Renata Soutter is a co-founder of Propeller Dance who has dedicated her professional career to socially-engaged dance innovation through creation, performance and education. Soutter co-developed (with Shara Weaver and company dancers) a methodology of collaborative creation that focuses on the unique aesthetics of artists with disability and the primacy of self-expression. Her influences include the natural world, and a strong belief in the power and beauty of diverse cultural expression and pride. She is a Diamond Jubilee recipient (2012) and Finalist for Ottawa Arts Council’s mid-career Artist award. Her latest work Living the Desirable Life was a celebrated part of Canada 2017.
Elizabeth Winkelaar, Artistic Associate of Propeller Dance, has been dancing with the company since its inception. She earned a Master’s degree in Canadian Studies at Carleton University, leading to an interest in Disability Art and Culture and to Propeller Dance. In addition to dancing in with company, she has taught outreach workshops for Propeller, assisted with the children’s program, and pioneered the Company’s seniors’ program. Winkelaar received the Celebration of People’s Artistic Excellence Award (2012), and through Propeller’s Emerging Choreographers program, directed and originated the dance piece Spasticus (2016, GCTC).
Natasha Powell is a Toronto-based dancer, choreographer, and Artistic Director of Holla Jazz. Her vast training in a variety of dance forms has led to appearances in film, television and stage. While co-director of Catalyst Dance Company she co-created a number small and large scale works, most notably their production The 5th Element in the 2011 Toronto Fringe. She was also the co-creator of the dance-theatre project, Gimme One Riddim: A Tribute to Ska. In 2013, grant awards from the Canada Council and Ontario Arts Council supported her residency in New York to study the roots of jazz dance, lindy hop, and their connection to the popular street dances as we know them today.
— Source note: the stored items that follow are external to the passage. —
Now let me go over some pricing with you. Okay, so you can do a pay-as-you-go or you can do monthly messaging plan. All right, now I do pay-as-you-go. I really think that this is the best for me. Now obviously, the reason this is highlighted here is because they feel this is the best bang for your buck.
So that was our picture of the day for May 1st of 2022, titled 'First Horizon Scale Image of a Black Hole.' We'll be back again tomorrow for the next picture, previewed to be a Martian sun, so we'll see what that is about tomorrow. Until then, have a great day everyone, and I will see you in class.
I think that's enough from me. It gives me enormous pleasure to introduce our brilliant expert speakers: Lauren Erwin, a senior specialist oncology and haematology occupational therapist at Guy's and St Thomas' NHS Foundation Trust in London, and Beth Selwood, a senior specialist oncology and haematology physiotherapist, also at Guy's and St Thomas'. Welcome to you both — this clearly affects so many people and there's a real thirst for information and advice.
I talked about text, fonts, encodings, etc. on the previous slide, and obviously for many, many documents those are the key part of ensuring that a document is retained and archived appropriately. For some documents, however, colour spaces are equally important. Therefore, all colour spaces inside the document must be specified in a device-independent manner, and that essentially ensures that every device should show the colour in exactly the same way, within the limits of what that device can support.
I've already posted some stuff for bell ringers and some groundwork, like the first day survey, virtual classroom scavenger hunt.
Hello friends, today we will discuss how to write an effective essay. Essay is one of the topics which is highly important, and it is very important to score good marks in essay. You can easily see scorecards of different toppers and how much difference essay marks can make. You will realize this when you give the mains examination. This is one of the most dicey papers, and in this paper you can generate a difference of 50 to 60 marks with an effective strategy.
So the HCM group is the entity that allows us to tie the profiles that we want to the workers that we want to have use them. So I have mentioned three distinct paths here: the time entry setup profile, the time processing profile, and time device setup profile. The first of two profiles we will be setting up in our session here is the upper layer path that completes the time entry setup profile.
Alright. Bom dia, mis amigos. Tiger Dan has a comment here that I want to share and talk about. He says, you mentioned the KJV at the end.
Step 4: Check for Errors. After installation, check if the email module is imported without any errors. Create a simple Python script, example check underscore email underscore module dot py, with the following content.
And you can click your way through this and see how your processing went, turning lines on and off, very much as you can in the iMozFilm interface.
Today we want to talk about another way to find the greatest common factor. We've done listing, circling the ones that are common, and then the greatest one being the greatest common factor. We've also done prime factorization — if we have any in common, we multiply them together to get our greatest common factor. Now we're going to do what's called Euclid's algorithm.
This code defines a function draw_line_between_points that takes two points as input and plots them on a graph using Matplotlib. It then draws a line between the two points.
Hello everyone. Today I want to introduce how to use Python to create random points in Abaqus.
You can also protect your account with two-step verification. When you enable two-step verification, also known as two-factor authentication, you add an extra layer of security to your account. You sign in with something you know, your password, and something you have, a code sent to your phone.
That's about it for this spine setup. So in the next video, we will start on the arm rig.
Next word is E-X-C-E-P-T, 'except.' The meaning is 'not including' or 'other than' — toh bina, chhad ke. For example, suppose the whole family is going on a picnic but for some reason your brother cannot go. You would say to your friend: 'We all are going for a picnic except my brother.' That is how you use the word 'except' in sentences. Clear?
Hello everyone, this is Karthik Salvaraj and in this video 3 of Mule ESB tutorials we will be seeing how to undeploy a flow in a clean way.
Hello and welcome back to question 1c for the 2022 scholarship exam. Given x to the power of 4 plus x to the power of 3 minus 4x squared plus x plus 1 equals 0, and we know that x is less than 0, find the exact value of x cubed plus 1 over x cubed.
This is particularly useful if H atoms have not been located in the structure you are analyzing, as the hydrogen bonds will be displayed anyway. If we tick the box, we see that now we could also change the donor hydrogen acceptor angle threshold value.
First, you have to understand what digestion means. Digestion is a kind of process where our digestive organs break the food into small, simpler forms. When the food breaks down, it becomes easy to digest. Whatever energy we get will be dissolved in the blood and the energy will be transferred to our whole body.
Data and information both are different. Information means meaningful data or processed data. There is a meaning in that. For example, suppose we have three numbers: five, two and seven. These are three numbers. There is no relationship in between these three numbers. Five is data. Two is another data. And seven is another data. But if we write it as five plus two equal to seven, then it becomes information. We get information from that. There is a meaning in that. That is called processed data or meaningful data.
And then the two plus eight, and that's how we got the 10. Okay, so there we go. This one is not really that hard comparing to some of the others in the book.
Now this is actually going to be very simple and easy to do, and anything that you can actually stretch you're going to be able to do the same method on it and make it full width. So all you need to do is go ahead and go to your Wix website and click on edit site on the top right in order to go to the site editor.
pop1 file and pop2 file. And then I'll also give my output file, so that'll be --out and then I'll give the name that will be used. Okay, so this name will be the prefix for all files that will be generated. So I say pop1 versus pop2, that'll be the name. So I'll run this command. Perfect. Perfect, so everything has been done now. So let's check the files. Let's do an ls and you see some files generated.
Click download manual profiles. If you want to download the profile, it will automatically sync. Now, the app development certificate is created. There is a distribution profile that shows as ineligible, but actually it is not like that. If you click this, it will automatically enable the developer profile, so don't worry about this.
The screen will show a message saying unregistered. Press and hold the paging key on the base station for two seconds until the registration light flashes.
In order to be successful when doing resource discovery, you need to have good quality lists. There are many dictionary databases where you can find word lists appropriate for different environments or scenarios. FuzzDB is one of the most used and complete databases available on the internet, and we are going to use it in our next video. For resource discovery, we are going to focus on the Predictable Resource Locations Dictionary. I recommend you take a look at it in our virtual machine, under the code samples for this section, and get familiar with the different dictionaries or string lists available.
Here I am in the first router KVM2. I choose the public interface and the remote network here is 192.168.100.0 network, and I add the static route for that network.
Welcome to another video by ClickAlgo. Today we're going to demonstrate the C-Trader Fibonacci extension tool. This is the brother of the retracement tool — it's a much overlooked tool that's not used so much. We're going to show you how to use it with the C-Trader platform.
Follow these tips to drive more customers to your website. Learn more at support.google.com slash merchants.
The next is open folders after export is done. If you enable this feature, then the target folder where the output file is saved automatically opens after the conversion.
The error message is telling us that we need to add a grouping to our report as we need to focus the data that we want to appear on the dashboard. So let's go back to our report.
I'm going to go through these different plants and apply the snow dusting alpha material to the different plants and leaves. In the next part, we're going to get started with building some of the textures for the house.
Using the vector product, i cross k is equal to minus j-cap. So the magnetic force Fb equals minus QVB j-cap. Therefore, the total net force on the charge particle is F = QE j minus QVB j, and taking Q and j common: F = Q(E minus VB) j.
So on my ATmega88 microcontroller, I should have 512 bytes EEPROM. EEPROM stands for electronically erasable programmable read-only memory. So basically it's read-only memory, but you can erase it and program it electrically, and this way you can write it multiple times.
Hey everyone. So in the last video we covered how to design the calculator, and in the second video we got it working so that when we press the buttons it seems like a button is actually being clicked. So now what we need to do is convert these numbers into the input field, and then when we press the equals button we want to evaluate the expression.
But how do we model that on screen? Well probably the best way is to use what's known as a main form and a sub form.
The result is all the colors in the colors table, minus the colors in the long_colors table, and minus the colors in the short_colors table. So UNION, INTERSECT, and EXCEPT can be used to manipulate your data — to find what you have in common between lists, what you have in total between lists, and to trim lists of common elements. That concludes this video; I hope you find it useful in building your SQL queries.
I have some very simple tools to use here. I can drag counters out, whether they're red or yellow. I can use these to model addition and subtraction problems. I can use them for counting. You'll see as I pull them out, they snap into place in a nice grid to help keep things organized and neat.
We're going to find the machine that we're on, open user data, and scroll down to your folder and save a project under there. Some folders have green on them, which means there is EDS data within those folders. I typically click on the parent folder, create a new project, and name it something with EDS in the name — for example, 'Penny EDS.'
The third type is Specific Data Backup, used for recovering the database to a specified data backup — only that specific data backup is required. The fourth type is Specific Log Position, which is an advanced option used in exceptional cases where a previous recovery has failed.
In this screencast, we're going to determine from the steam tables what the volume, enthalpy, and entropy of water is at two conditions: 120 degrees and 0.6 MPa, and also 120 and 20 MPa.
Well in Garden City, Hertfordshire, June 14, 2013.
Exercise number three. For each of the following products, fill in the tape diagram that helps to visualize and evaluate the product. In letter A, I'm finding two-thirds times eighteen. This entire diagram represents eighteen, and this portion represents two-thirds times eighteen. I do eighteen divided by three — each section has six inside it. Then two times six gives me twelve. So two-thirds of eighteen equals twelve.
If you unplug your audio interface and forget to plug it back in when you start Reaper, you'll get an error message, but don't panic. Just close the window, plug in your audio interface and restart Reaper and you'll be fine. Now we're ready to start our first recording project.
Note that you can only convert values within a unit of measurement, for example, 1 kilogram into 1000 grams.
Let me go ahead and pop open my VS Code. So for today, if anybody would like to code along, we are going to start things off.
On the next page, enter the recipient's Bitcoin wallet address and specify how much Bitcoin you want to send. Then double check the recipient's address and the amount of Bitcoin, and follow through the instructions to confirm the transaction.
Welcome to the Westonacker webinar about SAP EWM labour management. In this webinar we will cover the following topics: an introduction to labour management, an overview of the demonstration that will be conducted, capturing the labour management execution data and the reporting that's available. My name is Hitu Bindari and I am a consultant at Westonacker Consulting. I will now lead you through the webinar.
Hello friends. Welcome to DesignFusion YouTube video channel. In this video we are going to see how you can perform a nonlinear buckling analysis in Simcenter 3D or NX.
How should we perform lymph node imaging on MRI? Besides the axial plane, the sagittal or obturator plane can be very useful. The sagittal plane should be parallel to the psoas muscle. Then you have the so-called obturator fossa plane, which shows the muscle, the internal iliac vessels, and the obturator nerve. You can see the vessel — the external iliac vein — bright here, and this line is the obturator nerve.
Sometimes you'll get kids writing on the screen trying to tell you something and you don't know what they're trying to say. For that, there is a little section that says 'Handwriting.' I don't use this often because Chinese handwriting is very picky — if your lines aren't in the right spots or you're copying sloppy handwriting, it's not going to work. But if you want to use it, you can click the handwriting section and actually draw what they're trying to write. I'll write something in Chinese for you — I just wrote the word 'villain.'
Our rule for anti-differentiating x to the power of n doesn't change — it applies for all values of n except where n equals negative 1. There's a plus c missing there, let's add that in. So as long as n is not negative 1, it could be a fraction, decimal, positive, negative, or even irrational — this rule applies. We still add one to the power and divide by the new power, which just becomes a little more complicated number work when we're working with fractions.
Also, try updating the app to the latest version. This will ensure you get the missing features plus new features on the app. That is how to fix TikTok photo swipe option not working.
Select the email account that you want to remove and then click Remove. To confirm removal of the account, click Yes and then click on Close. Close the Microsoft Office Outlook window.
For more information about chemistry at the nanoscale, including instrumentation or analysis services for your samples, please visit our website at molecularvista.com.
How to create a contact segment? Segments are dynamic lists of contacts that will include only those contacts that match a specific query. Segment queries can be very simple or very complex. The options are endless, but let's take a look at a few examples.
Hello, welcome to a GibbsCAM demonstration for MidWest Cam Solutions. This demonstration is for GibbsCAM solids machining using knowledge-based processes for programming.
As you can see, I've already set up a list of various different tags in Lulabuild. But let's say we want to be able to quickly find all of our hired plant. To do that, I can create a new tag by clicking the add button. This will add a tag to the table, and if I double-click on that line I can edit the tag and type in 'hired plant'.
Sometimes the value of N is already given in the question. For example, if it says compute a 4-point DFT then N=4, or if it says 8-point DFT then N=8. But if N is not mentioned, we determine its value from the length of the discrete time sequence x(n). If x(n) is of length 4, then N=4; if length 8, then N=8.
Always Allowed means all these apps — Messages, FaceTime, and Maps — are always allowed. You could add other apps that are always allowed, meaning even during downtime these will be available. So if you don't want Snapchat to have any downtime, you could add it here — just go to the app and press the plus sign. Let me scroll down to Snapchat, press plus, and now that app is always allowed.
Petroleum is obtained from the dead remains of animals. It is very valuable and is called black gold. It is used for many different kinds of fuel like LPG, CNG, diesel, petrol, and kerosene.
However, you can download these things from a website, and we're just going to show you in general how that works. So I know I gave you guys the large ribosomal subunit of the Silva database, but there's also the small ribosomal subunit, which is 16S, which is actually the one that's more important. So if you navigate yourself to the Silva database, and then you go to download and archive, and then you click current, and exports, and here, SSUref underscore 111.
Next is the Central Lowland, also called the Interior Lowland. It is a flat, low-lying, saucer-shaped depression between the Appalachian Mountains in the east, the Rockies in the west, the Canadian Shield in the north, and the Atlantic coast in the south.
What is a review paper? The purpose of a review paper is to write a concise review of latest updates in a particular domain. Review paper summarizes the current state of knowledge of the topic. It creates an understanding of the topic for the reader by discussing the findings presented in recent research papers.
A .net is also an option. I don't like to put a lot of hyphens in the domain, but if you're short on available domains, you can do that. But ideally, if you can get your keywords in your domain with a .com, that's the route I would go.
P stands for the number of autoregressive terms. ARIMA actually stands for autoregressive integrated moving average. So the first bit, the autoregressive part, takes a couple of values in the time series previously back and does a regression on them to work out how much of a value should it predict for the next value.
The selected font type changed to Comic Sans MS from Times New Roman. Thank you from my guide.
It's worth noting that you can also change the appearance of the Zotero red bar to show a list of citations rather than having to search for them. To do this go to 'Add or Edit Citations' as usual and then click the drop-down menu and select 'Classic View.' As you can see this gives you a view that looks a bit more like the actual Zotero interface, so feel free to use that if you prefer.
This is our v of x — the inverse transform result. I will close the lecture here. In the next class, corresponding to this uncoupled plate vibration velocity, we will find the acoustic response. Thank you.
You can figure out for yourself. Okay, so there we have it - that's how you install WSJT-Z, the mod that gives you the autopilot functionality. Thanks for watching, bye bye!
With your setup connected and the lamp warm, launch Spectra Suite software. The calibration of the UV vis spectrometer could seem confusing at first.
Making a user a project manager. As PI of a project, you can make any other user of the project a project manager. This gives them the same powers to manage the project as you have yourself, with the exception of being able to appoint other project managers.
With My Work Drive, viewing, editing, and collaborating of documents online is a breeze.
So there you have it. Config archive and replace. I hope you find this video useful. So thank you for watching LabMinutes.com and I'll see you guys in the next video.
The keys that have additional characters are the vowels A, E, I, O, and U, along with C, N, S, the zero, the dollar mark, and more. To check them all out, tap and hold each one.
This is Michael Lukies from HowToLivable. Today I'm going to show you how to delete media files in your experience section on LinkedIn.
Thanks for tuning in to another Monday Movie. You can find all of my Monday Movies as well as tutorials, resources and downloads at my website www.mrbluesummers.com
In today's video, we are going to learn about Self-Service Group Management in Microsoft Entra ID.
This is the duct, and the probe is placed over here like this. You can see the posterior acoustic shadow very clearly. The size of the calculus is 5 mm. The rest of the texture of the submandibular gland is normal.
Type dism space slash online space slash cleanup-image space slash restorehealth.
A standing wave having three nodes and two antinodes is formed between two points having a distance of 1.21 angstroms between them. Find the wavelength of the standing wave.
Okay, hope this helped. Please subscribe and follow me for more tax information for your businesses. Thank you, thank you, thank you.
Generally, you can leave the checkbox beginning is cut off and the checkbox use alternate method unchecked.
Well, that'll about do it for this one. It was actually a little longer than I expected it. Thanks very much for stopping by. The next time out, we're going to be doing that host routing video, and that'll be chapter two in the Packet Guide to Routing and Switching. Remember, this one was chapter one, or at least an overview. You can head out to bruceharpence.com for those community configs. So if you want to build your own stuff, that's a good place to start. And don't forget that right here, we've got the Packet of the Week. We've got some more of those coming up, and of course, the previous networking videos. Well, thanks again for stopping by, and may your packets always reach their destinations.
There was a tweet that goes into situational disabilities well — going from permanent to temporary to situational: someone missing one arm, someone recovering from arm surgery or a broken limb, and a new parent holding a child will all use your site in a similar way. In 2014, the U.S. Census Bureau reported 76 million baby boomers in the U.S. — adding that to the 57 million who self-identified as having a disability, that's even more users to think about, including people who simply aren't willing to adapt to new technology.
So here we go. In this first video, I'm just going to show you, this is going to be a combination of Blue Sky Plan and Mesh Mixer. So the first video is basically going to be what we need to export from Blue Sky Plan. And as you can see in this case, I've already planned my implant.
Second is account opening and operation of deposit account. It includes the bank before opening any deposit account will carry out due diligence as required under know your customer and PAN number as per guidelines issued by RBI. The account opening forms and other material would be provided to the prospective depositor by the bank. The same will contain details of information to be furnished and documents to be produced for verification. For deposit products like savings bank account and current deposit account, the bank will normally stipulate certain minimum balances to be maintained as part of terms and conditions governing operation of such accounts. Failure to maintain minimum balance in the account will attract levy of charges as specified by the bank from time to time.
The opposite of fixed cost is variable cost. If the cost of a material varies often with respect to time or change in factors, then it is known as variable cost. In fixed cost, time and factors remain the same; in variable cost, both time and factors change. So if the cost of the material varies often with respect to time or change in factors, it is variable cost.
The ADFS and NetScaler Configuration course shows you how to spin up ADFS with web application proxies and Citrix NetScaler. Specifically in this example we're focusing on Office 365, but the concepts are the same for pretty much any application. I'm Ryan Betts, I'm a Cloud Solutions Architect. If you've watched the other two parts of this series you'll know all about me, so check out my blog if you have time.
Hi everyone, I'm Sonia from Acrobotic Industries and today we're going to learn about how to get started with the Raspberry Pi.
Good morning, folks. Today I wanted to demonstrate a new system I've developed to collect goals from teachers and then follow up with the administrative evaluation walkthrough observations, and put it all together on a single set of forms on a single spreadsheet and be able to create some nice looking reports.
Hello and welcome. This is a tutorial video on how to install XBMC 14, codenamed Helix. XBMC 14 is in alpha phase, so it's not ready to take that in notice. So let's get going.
This residency was the birth of a new chapter for Natasha leading to the creation of her company, Holla Jazz – an arena where all jazz dances, hip hop, and house intersect to reinvigorate the idea of freedom and expressing one’s own identity through the spirit of jazz. The company’s production, FLOOR’D was nominated for 4 Dora Mavor Moore Awards in the Dance Division, including Outstanding Original Choreography by Natasha, and received the award for Outstanding Performance by an Ensemble.